Ecosystem	Økologisk egenskap	ECT class
All	Abiotiske egenskaper	Physical state characteristics

---

4.1 Introduction

This chapters describes the workflow for an indicator describing the median summer temperature. For a more comprehensive documentation on the development of the workflow itself, see here. The data comes from interpolated climate surfaces from SeNorge which contain one 1x1km raster for each day since 1957 to present. The reference levels are extracted from the time period 1961-1990 (a temporal reference condition).

Workflow

1. Collate variable data series, ending up with one raster per year after aggregating across days within a year

2. Calculate spatially explicit reference values by aggregating across the years 1961-1990. The upper reference value is equal to the median value of this period, and the lower reference values (two-sided) is equal to 5 SD units. The indicator value is the mean over a five year period.

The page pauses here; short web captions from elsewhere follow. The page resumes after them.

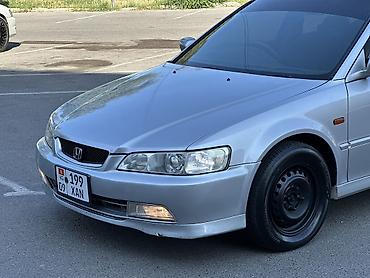 обмен на акорд: Honda Accord: 2000 г., 1.8 л, Автомат, Бензин, Седан — 5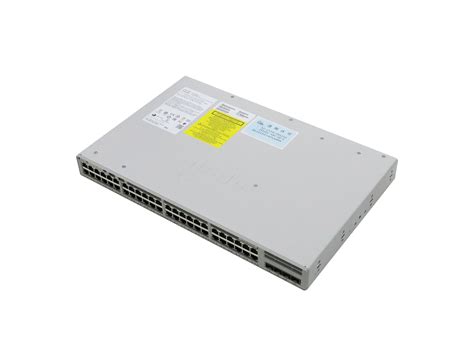 Cisco Catalyst 9200L Series Switch C9200L-48T-4X-E|LinkNewNet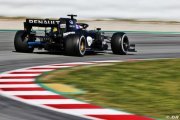 Renault F1 n'est 'pas pressée' de remplacer Ricciardo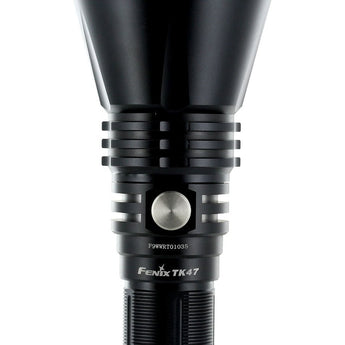Fenix TK47 Flashlight - CREE XHP35 HI LED - Neutral White - 1300 Lumens - Uses 2 x 18650s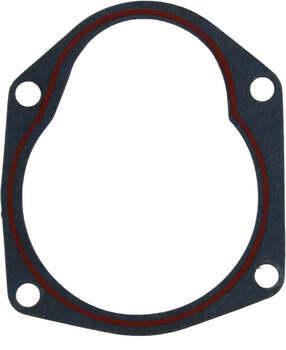Foto - UPPER WATER PUMP GASKET, MERCURY/MERCRUISER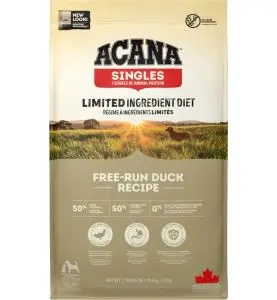 Acana Singles Free-Run Duck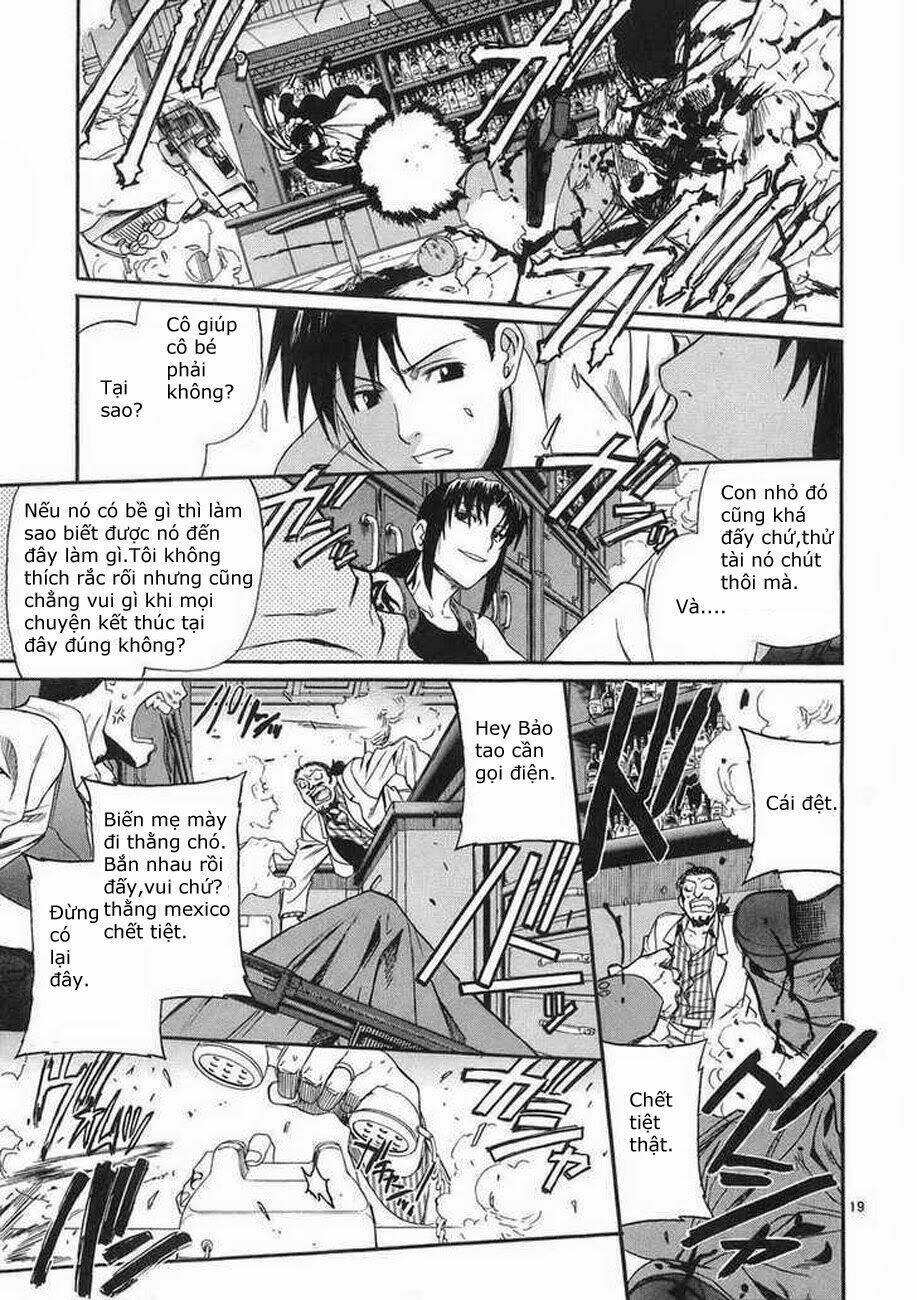 Lục Địa Đen Chapter 46 - Trang 2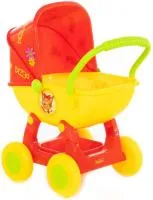 Коляска для кукол ПОЛЕСЬЕ Три кота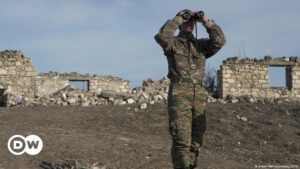 Armenia volverá a acoger maniobras militares con EE. UU. – DW – 06/07/2024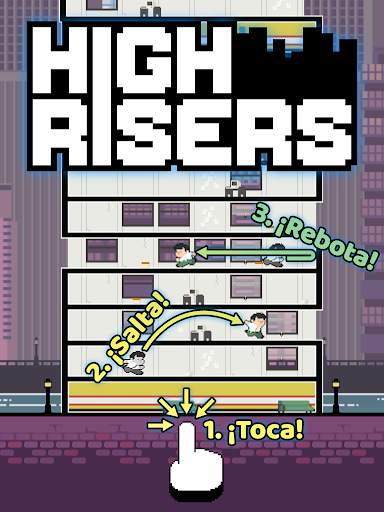 High Risers screenshot 9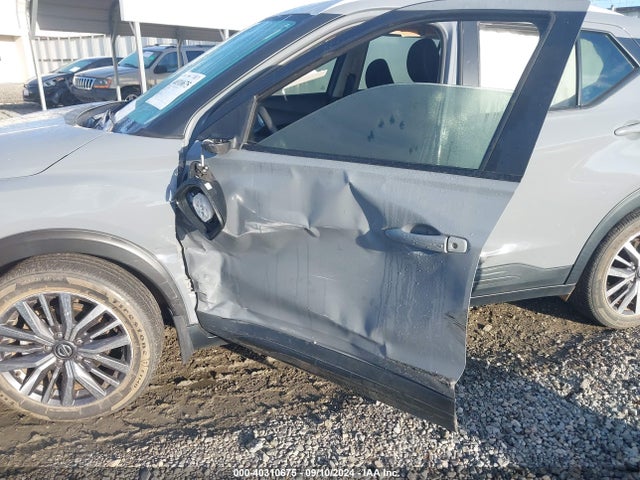 Nissan Kicks Sv Xtronic Cvt 2021 3N1CP5CV5ML494154 Image 6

3. Calculate indicator values through spatially explicit rescaling based on the reference values

4. Mask by ecosystem type (This step is not yet done as we do not have ready available ecosystem maps)

5. Aggregate in space (to accounting areas) and take the mean over a five year period to get final indicator values

6. Make trend figure and spatially aggregated maps

4.2 About the underlying data

The data is in a raster format and extends back to 1957 in the form of multiple interpolated climate variables. The spatial resolution is 1 x 1 km.

4.2.1 Representativity in time and space

The data includes the last normal period (1961-1990) which defines the reference condition for climate variables. Therefore the temporal resolution is very good. Also considering the daily resolution of the data.

Spatially, a 1x1 km resolution is sufficient for most climate variables, esp. in homogeneous terrain, but this needs to be evaluation for each variable and scenario specifically.

4.2.2 Original units

Varied. Specified below for each parameter.

4.2.3 Temporal coverage

1957 - present

4.2.4 Additional comments about the data set

The data format has recently changed from .BIL to .nc (netcdf) and now a single file contains all the rasters for one year (365 days), and sometimes for multiple variables also.

4.3 Ecosystem characteristic

4.3.1 Norwegian standard

These variables typically will fall under the abiotiske egenskaper class.

4.3.2 SEEA EA

In SEEA EA, these variables will typically fall under A1 - Physical state characteristics.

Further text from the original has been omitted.